The von Neumann-Morgenstern axioms were an attempt to characterize rational decision-making in the presence of risk. The von Neumann-Morgenstern utility theorem says that if someone is vNM-rational, i.e. their preferences obey the axioms, then there exists a function $u$ from the set of outcomes to the real numbers, such that they will have to maximize the expected value of $u$ if they want to abide by their preferences. However, this function is only defined up to a linear transformation, i.e. maximizing the expected value of $u$ and maximizing the expected value of $a + bu$ yield identical results.
Now I have heard from various sources that a social welfare function based on Kaldor-Hicks efficiency can be written as a linear combination of vNM-utility functions, i.e. something of the form $a_1 u_1 + a_2 u_2 + ... a_N u_N$, where $a_i$ is the reciprocal of the $i^{th}$ individual's marginal utility of money. But I don't see how this can make any sense; can't you just rescale each of the $u_i$'s by any amounts you please, since they're only defined up to a linear transformation? Surely $a_1 u_1 + a_2 u_2 + ... a_N u_N$ and $a_1 b_1 u_1 + a_2 b_1 u_2 + ... a_N b_N u_N$ aren't equivalent social welfare functions, since e.g. we can set $b_i = 1/a_i$, thereby taking marginal utility completely out of the function.

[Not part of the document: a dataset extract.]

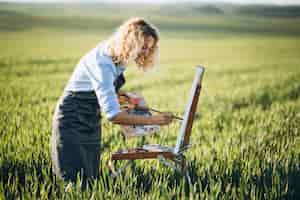 Foto gratuita pittura dell'artista della donna con le pitture ad olio in un campo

So what's going on? What does it mean to say that the coefficients of the linear combination are reciprocals of marginal utilities, when the coefficients can be made into anything you like?
Any help would be greatly appreciated.
Thank You in Advance.
EDIT: Does anyone know where I can find a proof that this social welfare function yields KH-efficiency? Also, I also want to know how this social welfare function should be modified if we don't assume all the von Neumann-Morgenstern axioms, so that utility functions are only defined up to a monotonic transformation, rather than being defined up to a linear transformation.
EDIT 2: I think that @QiaochuYuan's answer may clear up the scaling issue, but what about the additive constant issue? If we change $u_1$ to $u_1 + C_1$, then $a_1 u_1 + a_2 u_2 + ... + a_N u_N + C$ becomes $a_1 u_1 + a_2 u_2 + ... + a_N u_N + C + a_1 C_1$. But doesn't a_1 vary, since we usually have diminishing marginal utility of money? So wouldn't the term $a_1 C_1$ not be a constant? Or does the term $C$ also vary to accomodate that?